Engagement and Encounters of Troops from Colonies and Dominions of the British Empire in WW I
Ajay Pratap Singh


It is because of the Euro-centrism and the dominance of the Realist tradition that the study of empire in international relations has been ignored. Historiography around the imperial nature of war has not been properly documented (Jackson, 2014). State-centrism of the realist tradition excluded the empires as one of the level of analysis in their study. All this cumulatively is the reason behind undermining the contribution of the British Empire in the World War I (WW I) (Jackson, 2014).

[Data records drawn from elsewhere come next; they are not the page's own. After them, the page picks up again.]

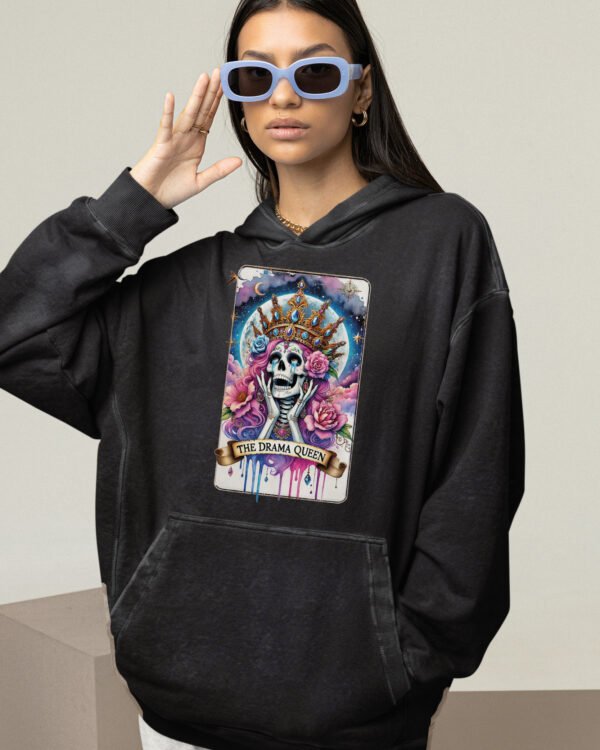 Bluza oversize z kapturem <br>The Drama Queen - efekt sprania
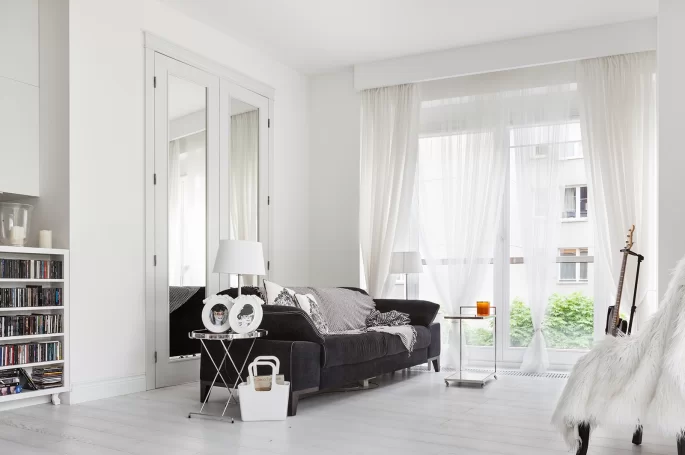 DRZWI KLASIK 01 Z LUSTREM - OŚCIEŻNICA REGULOWANA - OPASKI 60MM - PORTAL GÓRNY 1.5 - KOLOR BIAŁY RAL 9003 SATYNA - ZAWIASY WIDOCZNE INOX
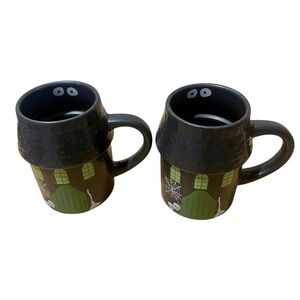 Hyde and EEK! Haunted House Halloween Earthenware Mug - Set of 2
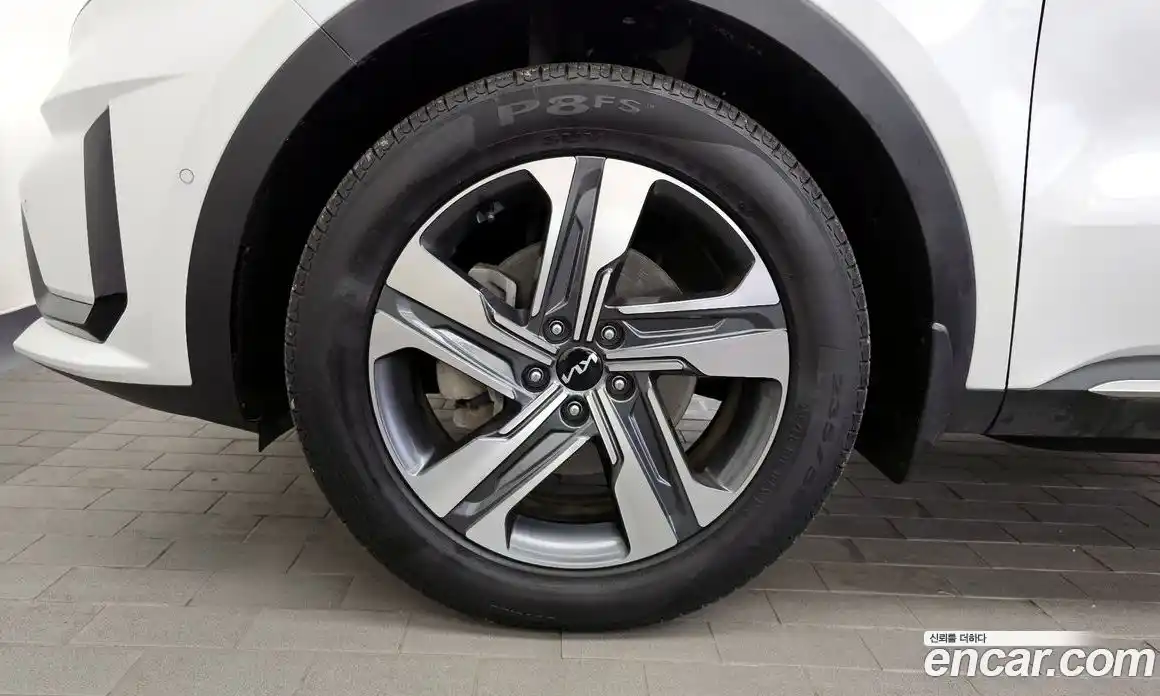 Kia Sorento 2023 1.6 Автомат в Москве № 14723, фото 5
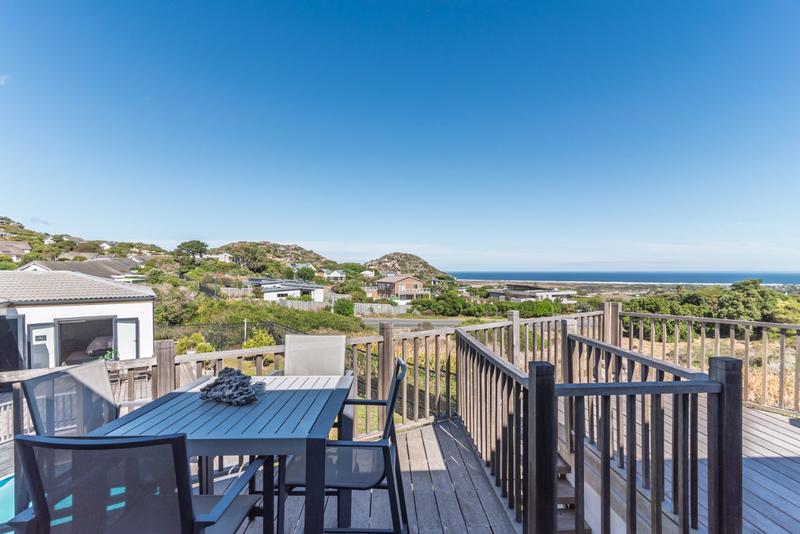 7 Bedroom Property for Sale in San Michel Western Cape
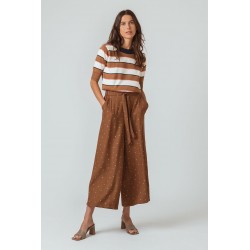 Calças, modelo feminino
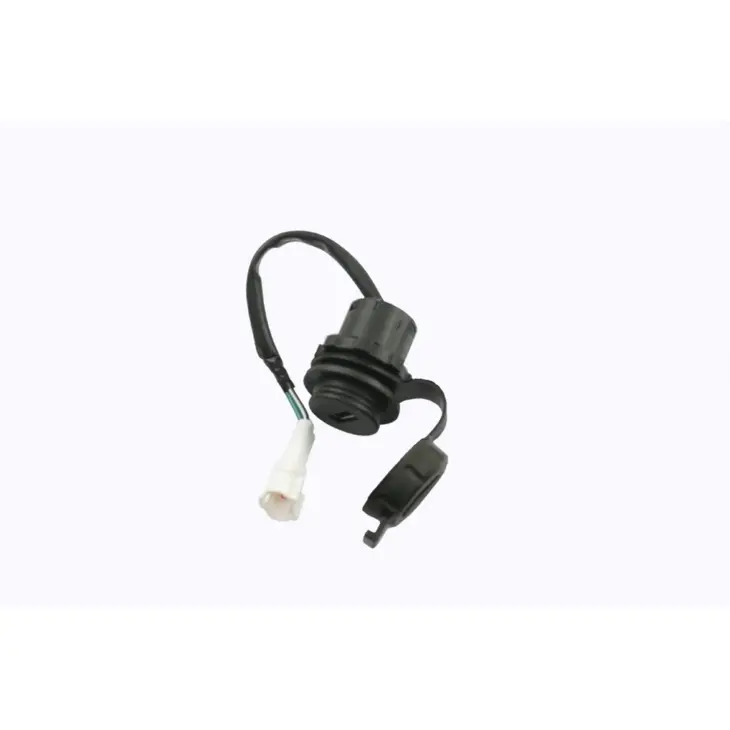 CF MOTO 650MT USB GIRISI #Y4CFM4010A0083
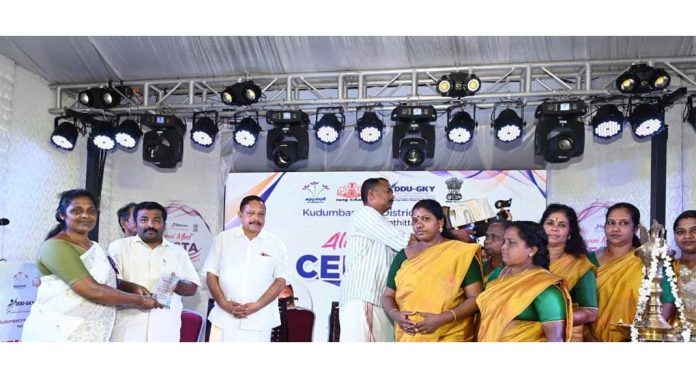 സൗജന്യ നൈപുണ്യ പരിശീലന തൊഴിൽദാന പദ്ധതിയിൽ മികച്ച പ്രകടനം ; പഴവങ്ങാടി സിഡിഎസ് അവാർഡിന് അർഹരായി സൗജന്യ നൈപുണ്യ പരിശീലന തൊഴിൽദാന പദ്ധതിയിൽ മികച്ച പ്രകടനം ; പഴവങ്ങാടി സിഡിഎസ് അവാർഡിന് അർഹരായി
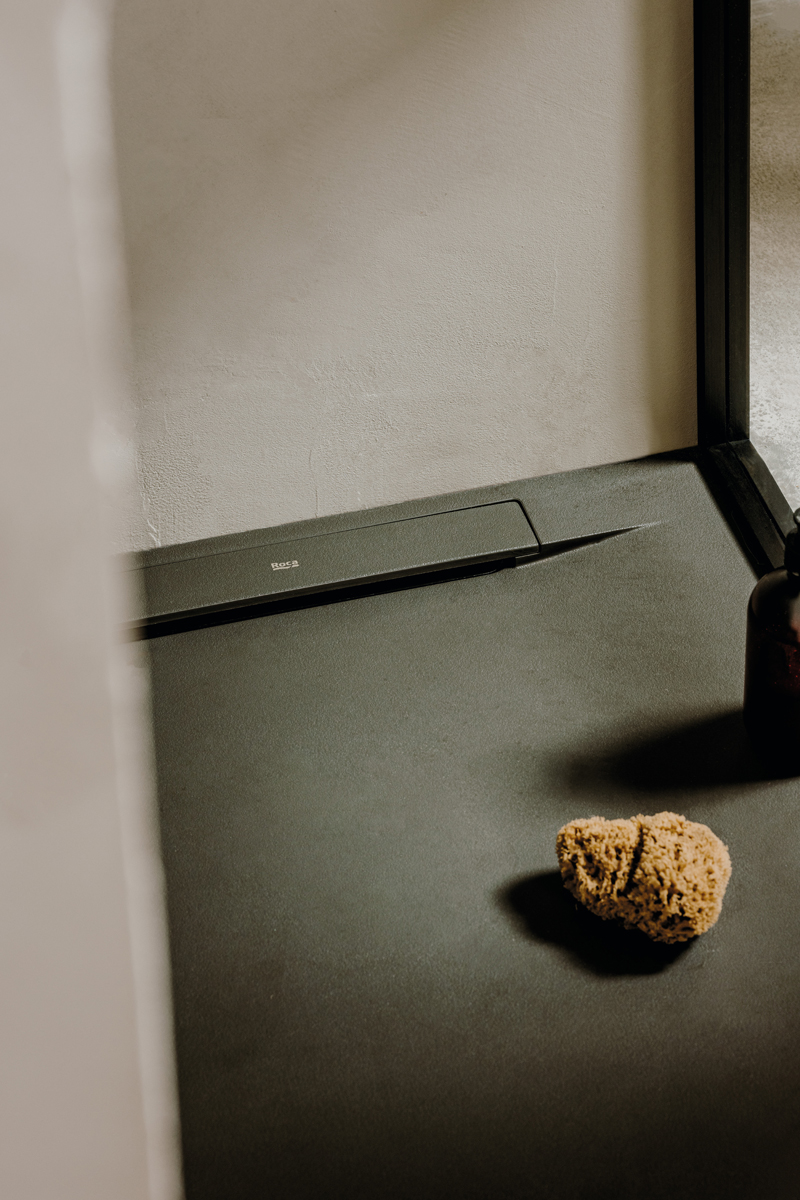 Ohtake: skulpturalna elegancija inspirirana prirodom i japanskom kulturom 2 Ohtake tuš kada od kompozitnih materijala / photo: ROCA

The British turned to colonies1 and dominions2 for support during the WW I. Along with supplying troops, colonies and dominions supplied food, ammunitions, and other resources to the British. Colonial soldiers were generally employed to defend the frontiers of the empire. It was only in the Anglo-Boer War (1899-1902) that the mass mobilization of troops and resources was done for the first time from the colonies and dominions (Vandervort, 2012). India contributed the maximum number of soldiers even more than the dominions. Britain’s declaration of war in August 19143, brought the colonies and dominions also into a state of war. Interestingly, many places in the colonies and dominions also became theatre of war (Jackson, 2008). Britain war with the Ottoman Empire turned East Africa into one of the major battlefield during the WW I.

This paper makes an attempt to explore the difference between the engagement of the soldiers from the British colonies and dominions in the WW I, where the emphasis is on the colonies. In the first section it tries to make a case for the WW I being an imperial war to some extent. It then delves into the process of recruitment of soldiers, their experiences in the battlefield and the way they were perceived by their own people back home in case of dominions and colonies. The paper simultaneously brings out the difference between the engagement of the soldiers from the dominions and colonies and makes a claim that much of these were the result of the prevalent racism at the time of war. Instead of focusing on a particular dominion and colonies, this paper brings in empirical evidences from different colonies and dominions in order to substantiate its claim.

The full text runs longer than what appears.